Around 1970, he turned his attention to the acquisition of reading. In Philadelphia — as in many American cities — there was a problem with kids’ learning to read. Eager to discover why, Rozin parked himself in elementary-school classes and observed something strange: A large number of children were unable to read by second grade, but those same children were always fluent in spoken English. They could name thousands of objects, and they could point to Rozin and ask, “Why is this strange man lurking in my classroom?” Compared with the vast dictionary of words filed neatly in their brains, mastering an alphabet of 26 letters would seem to be a piece of cake. Instead, it was a crisis. With a collaborator, Rozin devised an experimental curriculum that moved children through degrees of linguistic abstraction by teaching them Chinese logographs followed by a Japanese syllabary, and only then applying the same logic to English. Rozin says the system worked like a dream, but the school’s response was tepid.’

(…)

‘In 1986, Rozin and two colleagues published a landmark paper called “Operation of the Laws of Sympathetic Magic in Disgust and Other Domains,” which argued that the emotion was a more complicated phenomenon than Darwin or the Hungarians or even Rozin himself had ventured. The paper was based on a series of simple but illuminating experiments. In one, a participant was invited to sit at a table in a tidy lab room. The experimenter, seated next to the participant, unwrapped brand-new disposable cups and placed them in front of the subject. The experimenter then opened a new carton of juice and poured a bit into the two cups. The participant was asked to sip from each cup. So far, so good. Next, the experimenter produced a tray with a sterilized dead cockroach in a plastic cup. “Now I’m going to take this sterilized, dead cockroach, it’s perfectly safe, and drop it in this juice glass,” the experimenter told the participant. The roach was dropped into one cup of juice, stirred with a forceps and then removed. As a control, the experimenter did the same with a piece of plastic, dipping it into the other cup. Now the participants were asked which cup they’d rather sip from. The results were overwhelming (and, frankly, predictable): Almost nobody wanted the “roached” juice. A brief moment of contact with an offensive — but not technically harmful — object had ruined it.’

(…)

‘One of Rozin’s most intriguing theories is that disgust operates as a foreshadowing of our own deaths. Every encounter with moldy meat is a sneak preview of the fact that we will all, at some point, become moldy meat ourselves.’

(…)

‘One of Rozin’s greatest coinages is “benign masochism,” which describes any experience that is pleasurable not despite being unpleasant but because of its unpleasantness. Horror movies, roller coasters, deep tissue massage, bungee jumping, hot chili peppers, frigid showers and tragic novels all fit into the category. I can think of some additional edge cases, like acupuncture or the films of John Waters. Rozin pointed out, during dinner one night, that “many people like to look at their own [expletive] after they make it in the toilet. There is a fascination. All the humor. It’s probably related to benign masochism.” The idea is that these experiences offer a similar excitement, in that they cause fear or pain or repulsion without posing any real existential threat. Our ability to withstand “safe” menaces yields a gratifying sense of mastery. It’s a meta-experience: When you gobble a ghost pepper or cue up “The Exorcist,” you get to experience yourself experiencing something, and you extract enjoyment from your ability to forge a gap between what should feel bad but instead, through sheer will, feels fun.
As with disgust, benign masochism is a uniquely human experience. There’s no evidence that dolphins or coyotes or elephants indulge in it. The paper Rozin and a team wrote about it took me several days to comprehend and served as an example of the subject at hand: an immense irritant with only abstract and hard-won rewards. Chili peppers make you sweat; tragic novels make you cry; academic papers embalm you in a formaldehyde of words and then give you a splendid phrase to use for the rest of your life.’

(…)

‘The best bulwark against disgust — the only bulwark against so much of life’s wretchedness — is, in the end, denial.’

Read the article here.

Yes, indeed, but the influence of culture could be given more attention.

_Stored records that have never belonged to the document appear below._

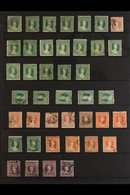 19TH CENTURY USED HOARD CAT £1600+  1861-1899 USED ASSEMBLY Presented On A Series Of Stock Pages That Includes Much Shad - Grenada (...-1974)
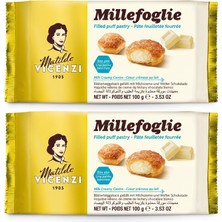 Matilde Vicenzi Millefoglie Süt Kreması ve Beyaz Çikolata Dolgulu Milföy Tatlı 100 G (2 Adet)
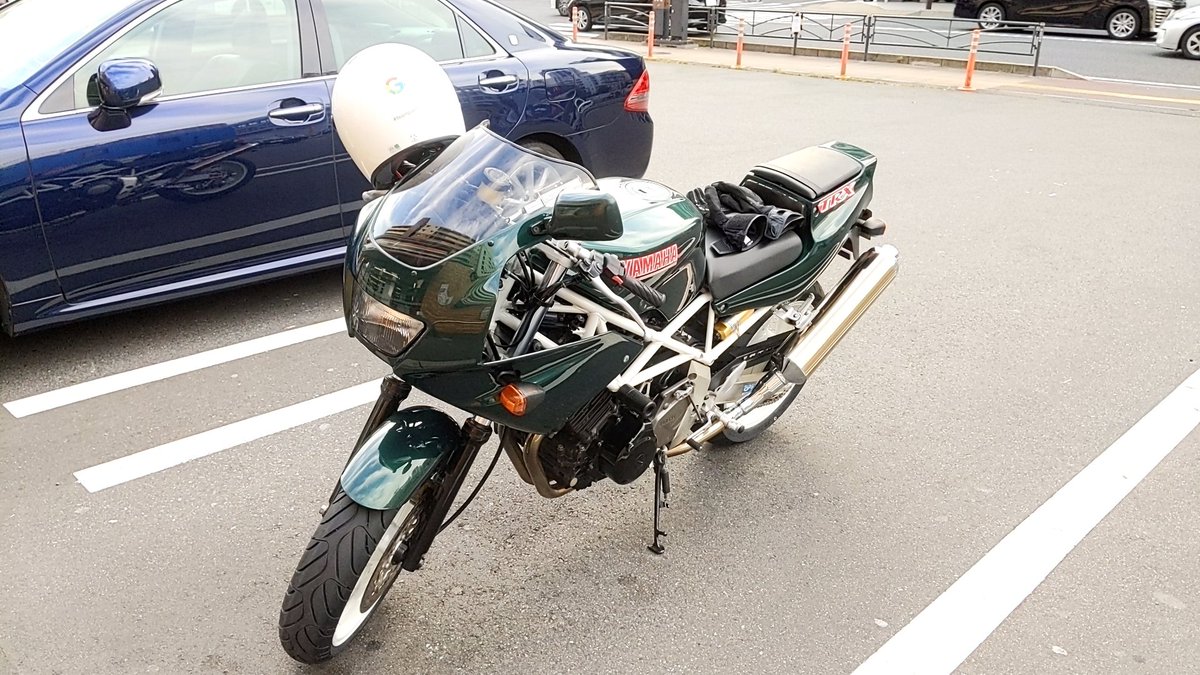 GN_RIDERRR's tweet photo. 納車だァァァァァァ！！！！
#TRX850 #バイク乗り https://t.co/sZ1pvR0dFv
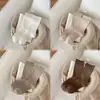 Meias de cano alto versáteis para outono/inverno estilo casual coreano scrunch miu style cor sólida simples série marrom retrô meias versáteis femininas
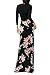 SUNNOW Womens Sexy Ladies Deep V Neck Party Dress Maxi Long Evening Dress (L, Black2)
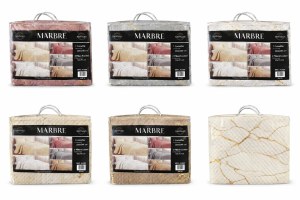 Couvre-lits Couvre Lit Marbe 220 x 240 cm – Déstockage – Vente en gros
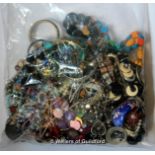 Sealed bag of costume jewellery, gross weight 3.54 kilograms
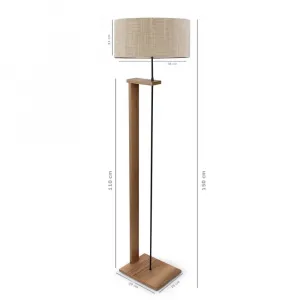 Drevená stojacia lampa AYD-2822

What’s disgusting and not is mostly a learning process. Toddlers enjoy playing with their excrements. Till they are being told that it’s dirty and disgusting.

Also, the connection between sex and disgust is mostly absent.

Lust is I would argue connected to disgust. It’s the attempt, the willingness to overcome disgust that is one of the catalysts for lust.

Benign masochism is everywhere. It’s the foundation of mankind and of humanism. And the question whether sterilized cockroaches are disgusting or not is merely a detail. Look for a culture where cockroaches are a delicacy – well, another example of benign masochism, at least from our perspective.